WHAT YOU HAVE TO DO
Your reply should be the whole listing, copied exactly, with the pictures left out.

*** DATA FOR THIS EXERCISE ***

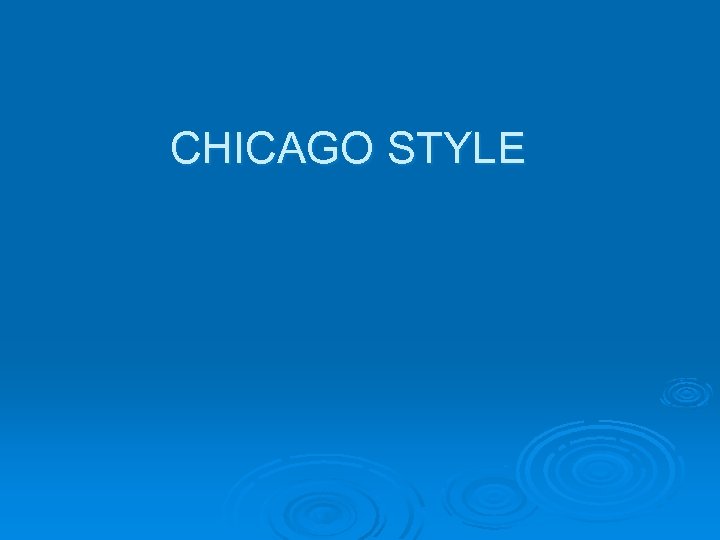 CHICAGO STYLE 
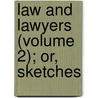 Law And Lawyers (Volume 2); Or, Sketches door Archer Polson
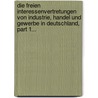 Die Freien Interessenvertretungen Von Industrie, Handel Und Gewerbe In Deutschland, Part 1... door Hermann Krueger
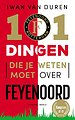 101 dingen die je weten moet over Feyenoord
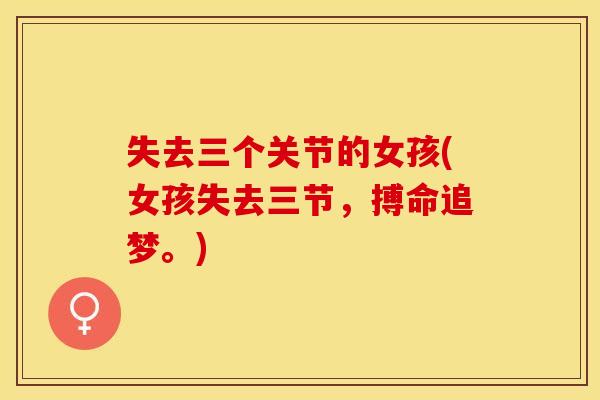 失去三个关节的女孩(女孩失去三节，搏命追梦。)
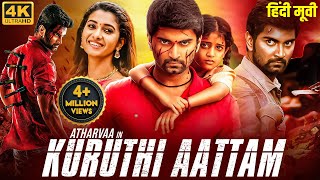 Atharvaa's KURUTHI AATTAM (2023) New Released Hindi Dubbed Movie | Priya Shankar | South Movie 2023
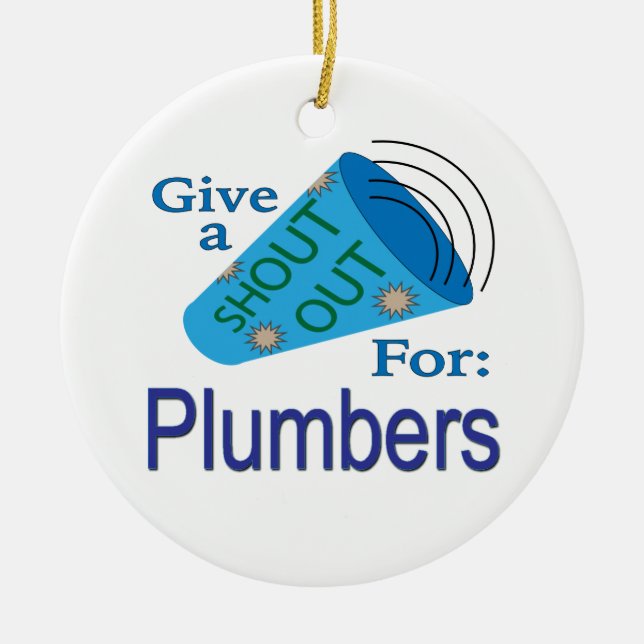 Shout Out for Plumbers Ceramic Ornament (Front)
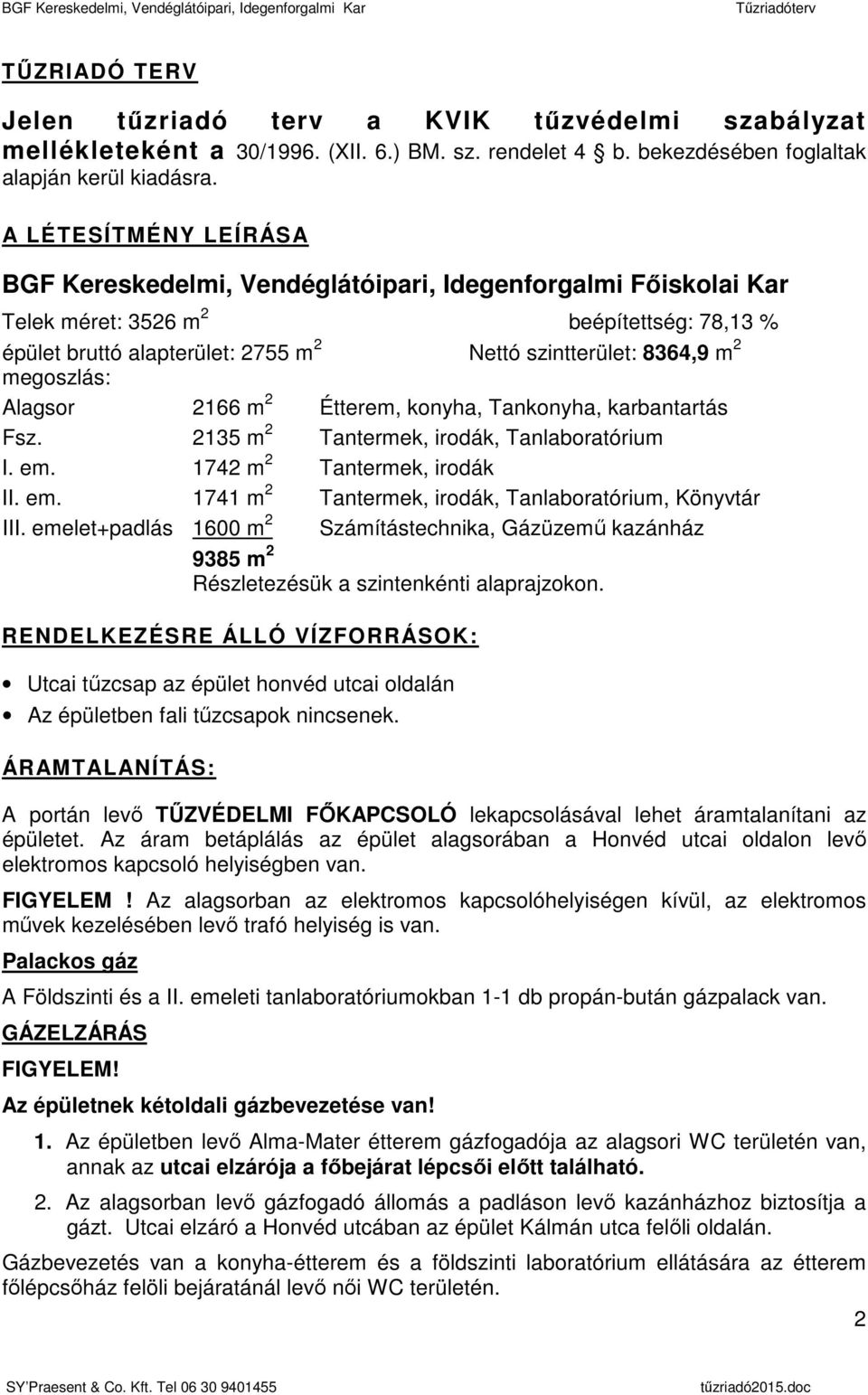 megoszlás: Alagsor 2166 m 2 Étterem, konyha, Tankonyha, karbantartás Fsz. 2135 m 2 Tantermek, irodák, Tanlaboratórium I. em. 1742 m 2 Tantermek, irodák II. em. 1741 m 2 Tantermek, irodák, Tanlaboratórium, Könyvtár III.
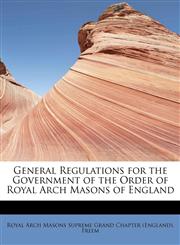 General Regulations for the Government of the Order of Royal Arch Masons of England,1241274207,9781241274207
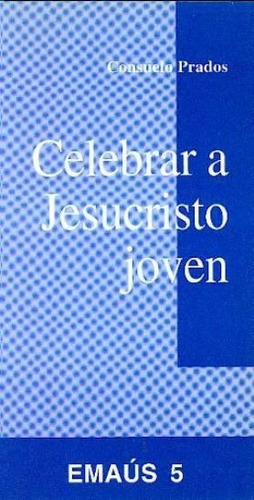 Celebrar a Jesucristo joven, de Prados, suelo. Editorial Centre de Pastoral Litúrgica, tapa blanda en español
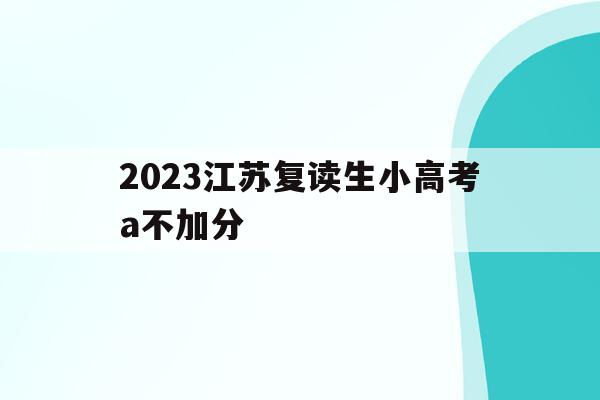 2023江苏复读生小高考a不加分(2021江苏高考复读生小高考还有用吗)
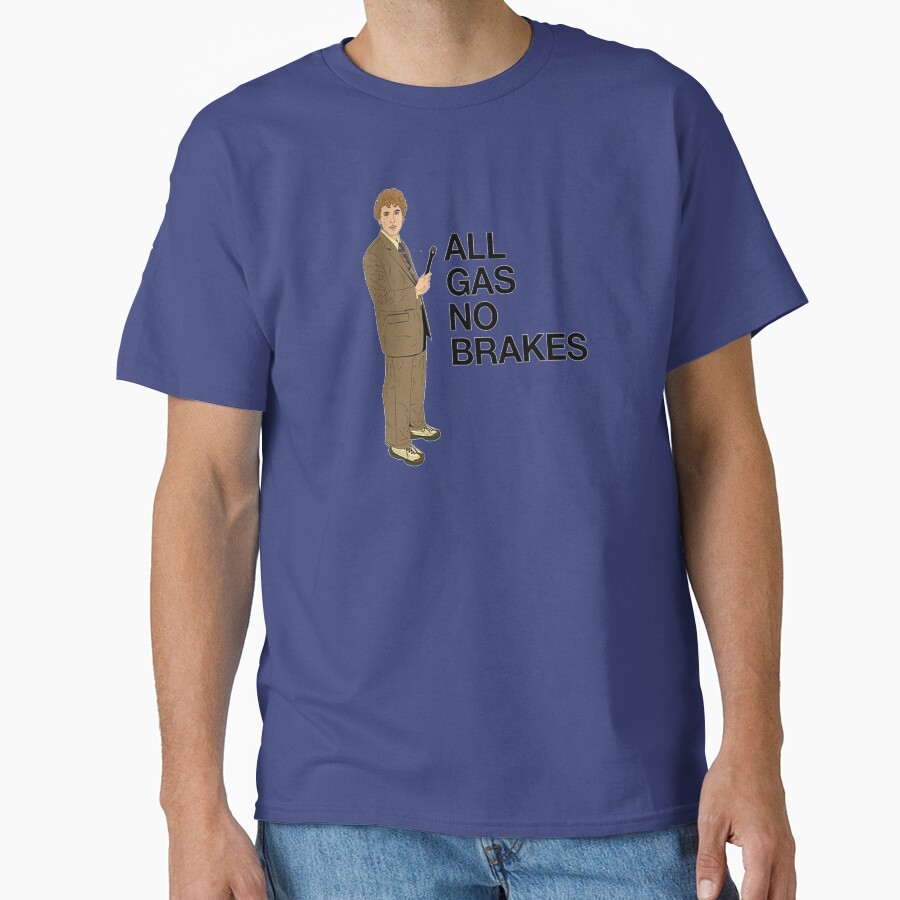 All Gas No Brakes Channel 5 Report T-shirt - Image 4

***

THE COMPLETED TASK
 CHICAGO STYLE 
 Law And Lawyers (Volume 2); Or, Sketches door Archer Polson
 Die Freien Interessenvertretungen Von Industrie, Handel Und Gewerbe In Deutschland, Part 1... door Hermann Krueger
 101 dingen die je weten moet over Feyenoord
 失去三个关节的女孩(女孩失去三节，搏命追梦。)
 Atharvaa's KURUTHI AATTAM (2023) New Released Hindi Dubbed Movie | Priya Shankar | South Movie 2023
 Shout Out for Plumbers Ceramic Ornament (Front)
 megoszlás: Alagsor 2166 m 2 Étterem, konyha, Tankonyha, karbantartás Fsz. 2135 m 2 Tantermek, irodák, Tanlaboratórium I. em. 1742 m 2 Tantermek, irodák II. em. 1741 m 2 Tantermek, irodák, Tanlaboratórium, Könyvtár III.
 General Regulations for the Government of the Order of Royal Arch Masons of England,1241274207,9781241274207
 Celebrar a Jesucristo joven, de Prados, suelo. Editorial Centre de Pastoral Litúrgica, tapa blanda en español
 2023江苏复读生小高考a不加分(2021江苏高考复读生小高考还有用吗)
 All Gas No Brakes Channel 5 Report T-shirt - Image 4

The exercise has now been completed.